In fact, you don’t need to hold Prometheus to the impossible standard of its heritage to find it lacking. It has more in common with Danny Boyle’s Sunshine and Paul Anderson’s Event Horizon than previous Alien movies, and even those comparisons don’t always flatter it.

In part, this is a function, or at least a consequence, of its ambition. Prometheus is as promiscuous with ideas as it is stuffed with spectacle. Faith, humanity, nature, identity – all of them are thrown into the mix alongside the more resonant franchise staples: sex, pregnancy, birth, gender. But where once they were left as subtext, Scott drags them out into the light (or what passes for the light in the dim murk of planet LV-223) where they suddenly look a little thin.

No one should be criticised for trying to up the IQ level of the average blockbuster, but there’s a superficial, sophomoric quality to the film’s intelligence. Like it doesn’t really matter because, hey, no one’s really listening anyway.

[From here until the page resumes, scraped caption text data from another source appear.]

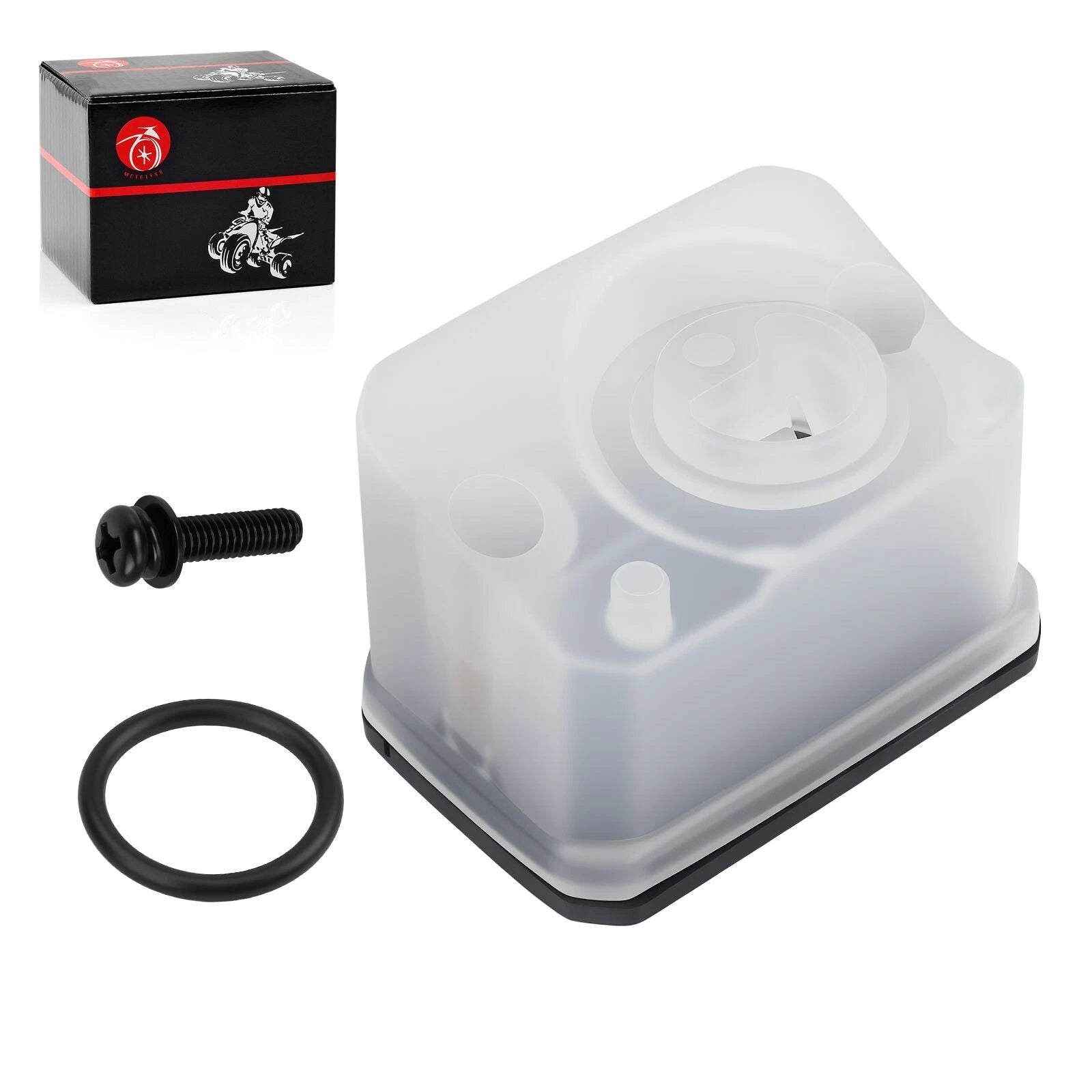 Master Cylinder Reservoir Assembly for Ski-Doo Backcountry 600 600R 850 (2019–2024)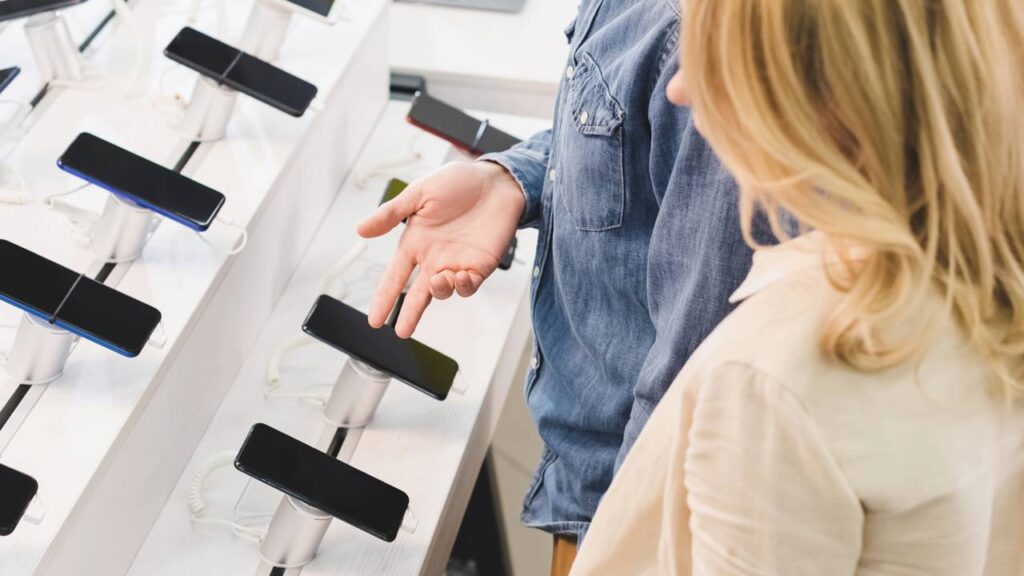 Melhores celulares por marca até R$2500 para comprar hoje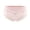 Pink, variant on Bigersell Cotton Underwear for Women Seamless Clearance Plus Size Underwear Thong Panty Style P-400 Nylon Period Panties Thongs Ladies Briefs Mid Waist Women's Briefs Blue L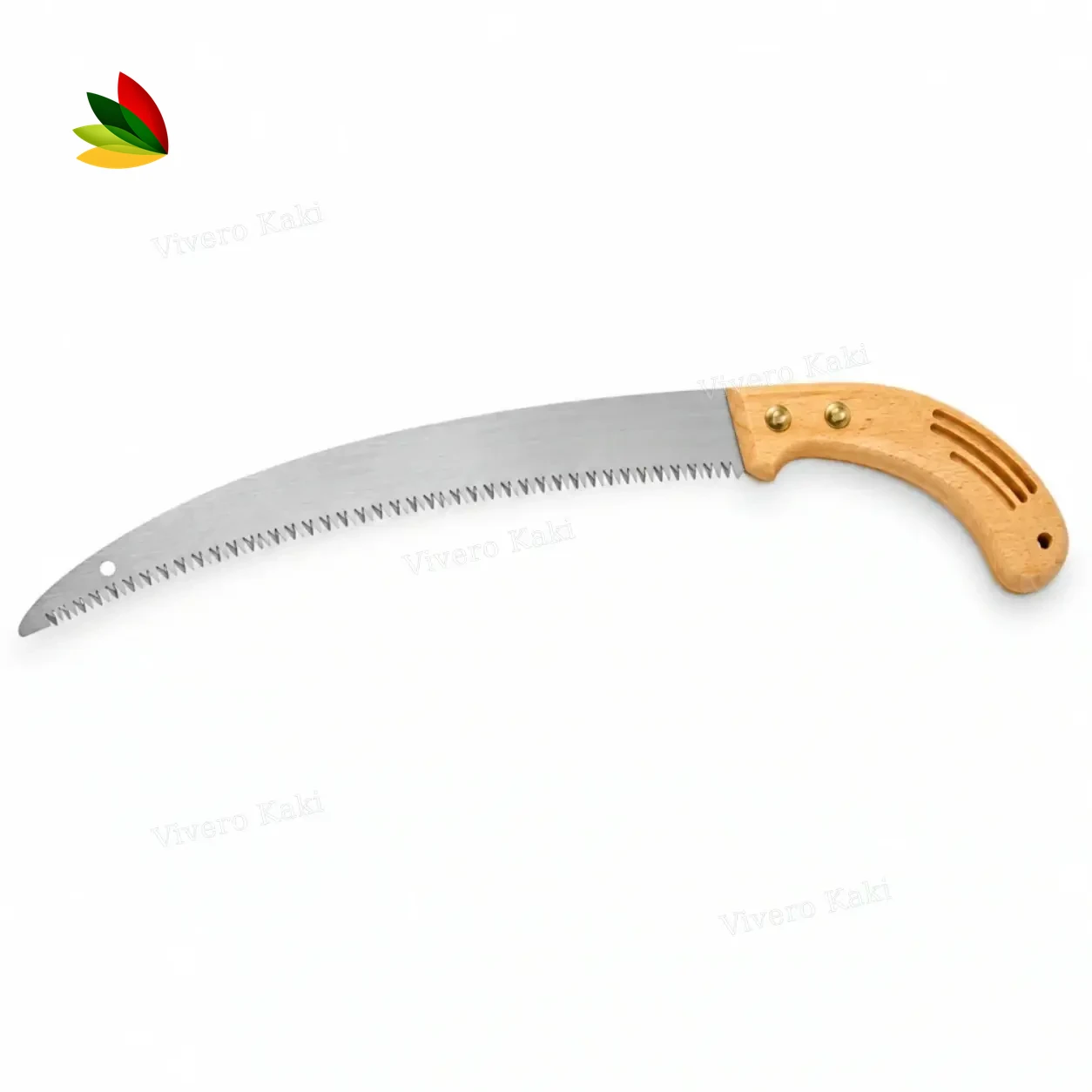Serrucho para podar 12"- 5 dientes por pulgada.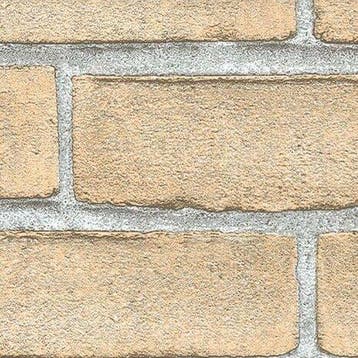 Plakfolie, plakplastic muur zand (45cm), Huis en Inrichting, Nieuw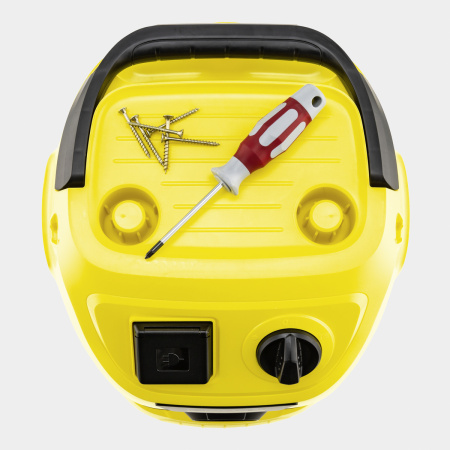 Пылесос Karcher WD 3 P V-17/4/20 1.628-170.0 Пылесос Karcher WD 3 P V-17/4/20 1.628-170.0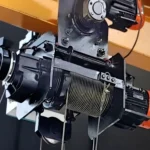 Compass Monorail Crane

And so it comes down to a few scenes and a few performances that really linger in the memory. They propel Prometheus beyond the ordinary (because it is, in so many respects, extraordinary). Michael Fassbender excels as the android, David, who is entranced by Lawrence of Arabia but must somewhere have secreted a copy of Pinocchio. And there is Charlize Theron, supremely icy as the mission commander whose fate clumsily and unfairly casts her as this instalment’s Carter Burke.

But above all there is The Scene. The one that will be talked about but maybe not here. It is the point at which Noomi Rapace’s Elizabeth Shaw escapes the ghost of Ripley, if only for a second, and creates an iconic moment that will forever be hers. You’ll know it when you see it. If you can watch it.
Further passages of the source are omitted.